After his team fell to the New York Knicks, Nash told media “I can see some light at the end of the tunnel” but admitted that playing at the level he wants to might take some time even after he’s in uniform.
“All I can do is fight every day to get better, put myself through some of those painful workouts and hopefully this thing heals and I can get in shape sooner rather than later,” he said.
Nash also hinted at one of the Lakers’ fears – that his return might not be the magic solution everyone’s been waiting for.
“Hopefully I can help, but for me I just feel for my teammates. It’s been a tough year,” he said. “Hopefully we can get our guys back and we can all pitch in and make us a little better. But I still think there’s a lot of growing to do for this team regardless of who’s in or out of the lineup.”
Of the remaining point guards, Morris hasn’t contributed much beside a 15-point quarter against the Philadelphia 76ers on Sunday, and Duhon has had mixed results. Duhon blamed a recent loss to the Utah Jazz, another lower-ranked team, on the Lakers’ defense – not offensive elements.
“We have the talent. We’re going to score. We just don’t play defense,” he said. “Until we do, nothing’s going to change.”

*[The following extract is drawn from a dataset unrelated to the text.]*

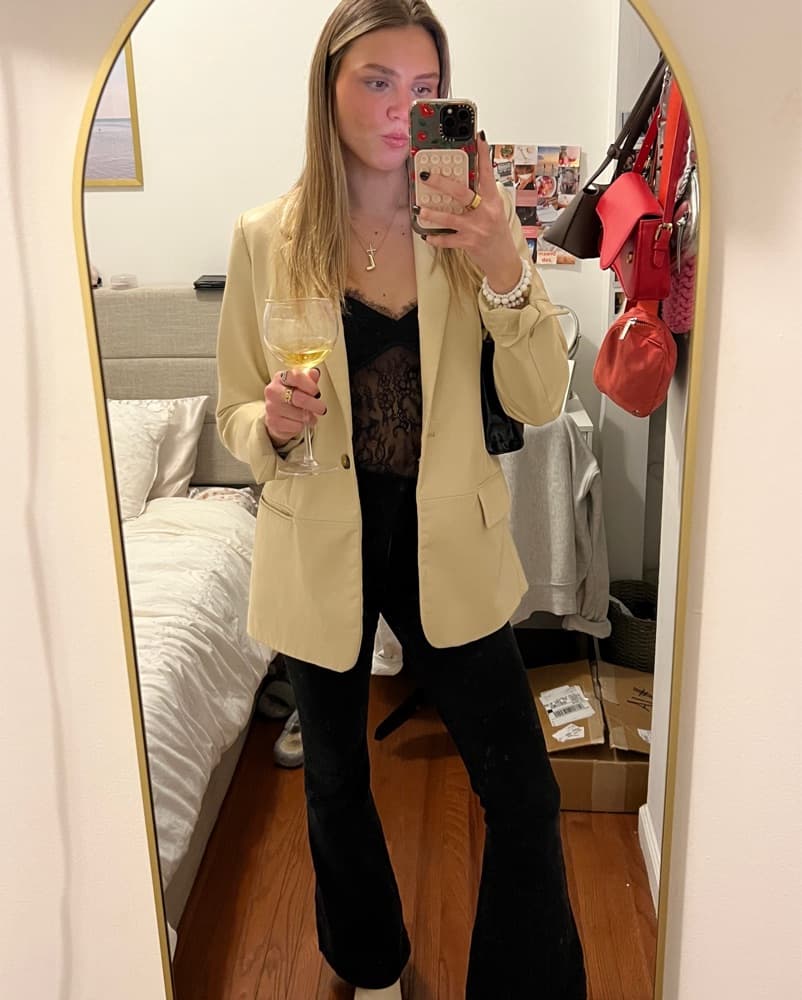 Zara Tan Oversized Blazer - Image 1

D’Antoni’s lack of emphasis on defense was, in fact, the criticism from Johnson and others that overshadowed concerns that his system might not suit the older, slower Lakers.
While the team is averaging more points per game – 103.1 under D’Antoni versus 97.8 under Brown – they are also allowing their opponents to score more. They limited opponents to 95.2 points under Brown, but have given up at least 100 in nine of D’Antoni’s 15 games so far.
“When Nash comes back” may be D’Antoni’s go-to answer, but he’s not turning a blind eye to the lacking defense.
“It won’t cure everything but it’ll help,” he said of Nash’s return. “But at that point, if it doesn’t cure some stuff, then we’re going to need to have some heart-to-hearts and we need to understand what’s going on. If he can’t run it, then we’ve got some problems.”
With the Lakers under .500 and 12th in the Western Conference a quarter of the season through, one thing is certain – Lakers fans are tired of excuses.